The numbers do the talking. There are 110 million sexually transmitted infections among women and men nationwide, with 20 million new STIs reported each year. And the price tag's no small figure either, say CDC officials, who peg direct medical costs at a whopping $16 billion annually.
City health departments are seeing local repercussions, too. Some 40 percent of people tested for STIs at the Baltimore Department of Health's clinics don't receive their results because they don't come back for their test outcomes. For those who tested positive for an STI and never found out, from both a treatment and partner safety perspective, it's not good news.
That's one of the big motivators behind the creation of Private Results, an online, open-source STI test results delivery system created by Sexual Health Innovations.
Jessica Ladd, the founder of Sexual Health Innovations, talked about the project's launch during Monday's Health 2.0 session at the 2013 mHealth Summit.
Ladd, who has worked in sexual health for the past 10 years, said Private Results acts as a patient portal, though it's a more holistic, personalized one compared to many other portals today.
"Patient portals should not just deliver test results; they should be a powerful education tool for patients that help them protect their own health," she said.
And Private Results certainly provides one with information. When logged in, an individual can find out where and when to be re-screened for STIs, choose to receive text or e-mail screening reminders and find the closest place to buy condoms.
Individuals who were tested for an STI are given a card containing portal log in information from their local clinic. They can then log in to view their test results. To eliminate confusion for people who may think 'positive' is a good thing (rather than listing, say, 'positive' or 'negative' for chlamydia), the results are clearly explained that positive denotes you have the disease, or negative means you do not.
Providers are also able to sign in on the back end to view and better understand incidence numbers and what patients need follow-ups and individual labs, making Private Results a powerful public health tool.
"Patient portals and EMRs should not just serve patients and providers but also the public health sector," Ladd said.
Moreover, Private Results is open source, which proves to be a crucial element by allowing third party technologies to integrate into it.

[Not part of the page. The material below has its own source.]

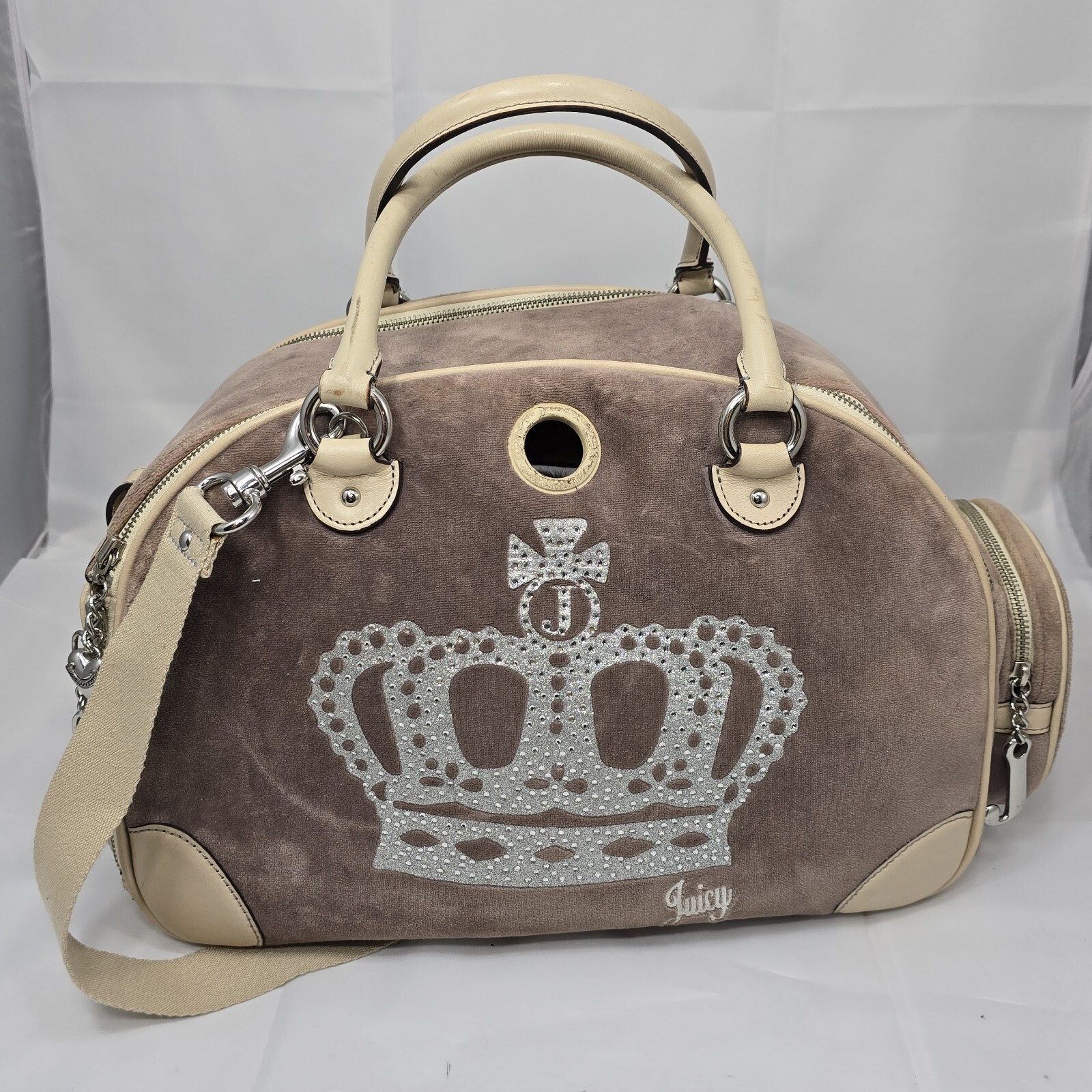 Vintage Y2K Super Rare Juicy Doggy Couture S-M Velour Dog Carrier Scottie Crown Vintage Y2K Super Rare Juicy Doggy Couture S-M Velour Dog Carrier Scottie Crown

"If we actually want to disrupt this area, we actually have to start making things more collaborative and open source," said Ladd. "We're building an API into this that makes it really easy to share real-time STD outbreak data between a clinic, a local health department and a state department and for them to send data back to providers about possible outbreaks occurring which might help change how frequently they screen certain communities for emerging STDs."